Because of the success of Syrah on cobblestone soils, we added the 2nd phase of the planting to meet the heavy demand for the unique qualities of the fruit off of these soils.
Stone Valley Vineyard was planted in 2002; initially with five acres of Cabernet Sauvignon. Eight acres was added soon thereafter, consisting of Syrah, Malbec and Tempranillo. These wine grape varieties, planted during the second phase of development, supported a growing demand for the unique qualities these cobbled soils deliver to a wine; particularly Syrah.
Norm McKibben developed the original planting at Stone Valley and then sold the property to Premiere Partners IV.
Tom Waliser has farmed and managed the vineyard since that time.
The training form utilized at Stone Valley Vineyard is VSP; vertical shoot positioning. The older plantings were planted at 960 plants to the acre. The balance of the acreage is planted to 1050 plants per acre. Vines are self-rooted.
Heat units for the site average 3000 -3200 units annually, and annual precipitation averages 7-10".
The vineyard in on drip irrigation, and soil moisture and plant water status is monitored throughout the summer. Additionally, the vineyard is “LIVE” and “Salmon Safe” certified; adhering to rigid, and sustainable, farming practices.
All fruit is hand-harvested at crop levels targeted at 3-3.5 tons per acre. Fruit is sold by the acre. Prices vary depending on the variety, performance and history of the individual blocks.
This vineyard is often the first to show bud break, bloom, and veraison in the Valley, but is usually the last to be harvested. Lower brix is another attribute routinely achieved at Stone Valley.

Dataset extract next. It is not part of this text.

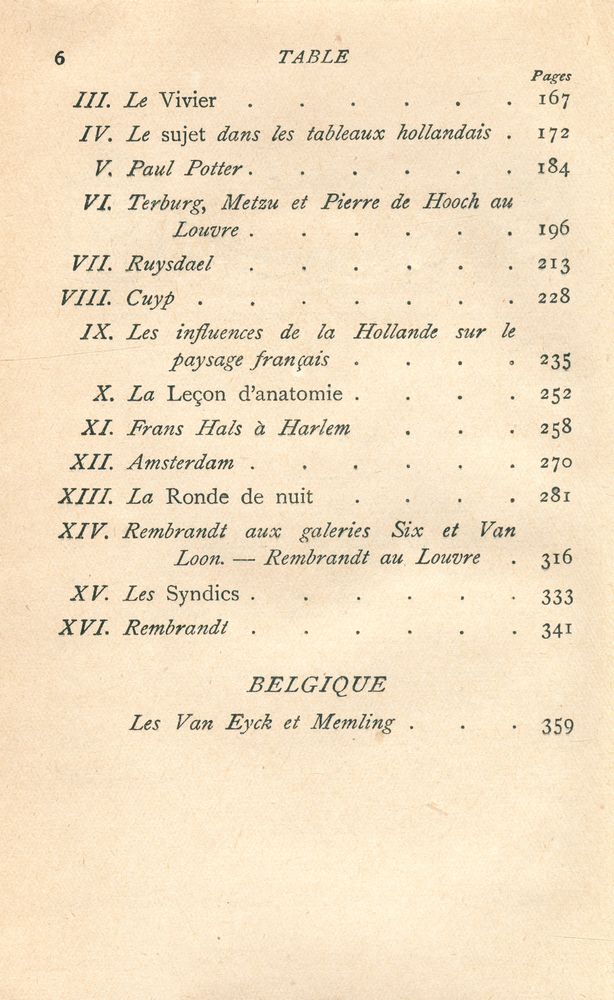 『Les Maitres d'Autrefois : Belgique - Hollande』 3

The soil type for Stone Valley Vineyard is a basalt cobblestone soil, generated from an alluvial fan extending from the Blue Mountains. Continual floods from melting glaciers and snowpack in the mountains flooded annually for thousands of years forming this alluvial fan of cobblestones. The soil is made up of the materials dispersed by ancient river flows through the valley floor, dispersing rounded basalt cobblestones 20-60' deep, with silt loam mixed with the sand, gravel, and cobblestones.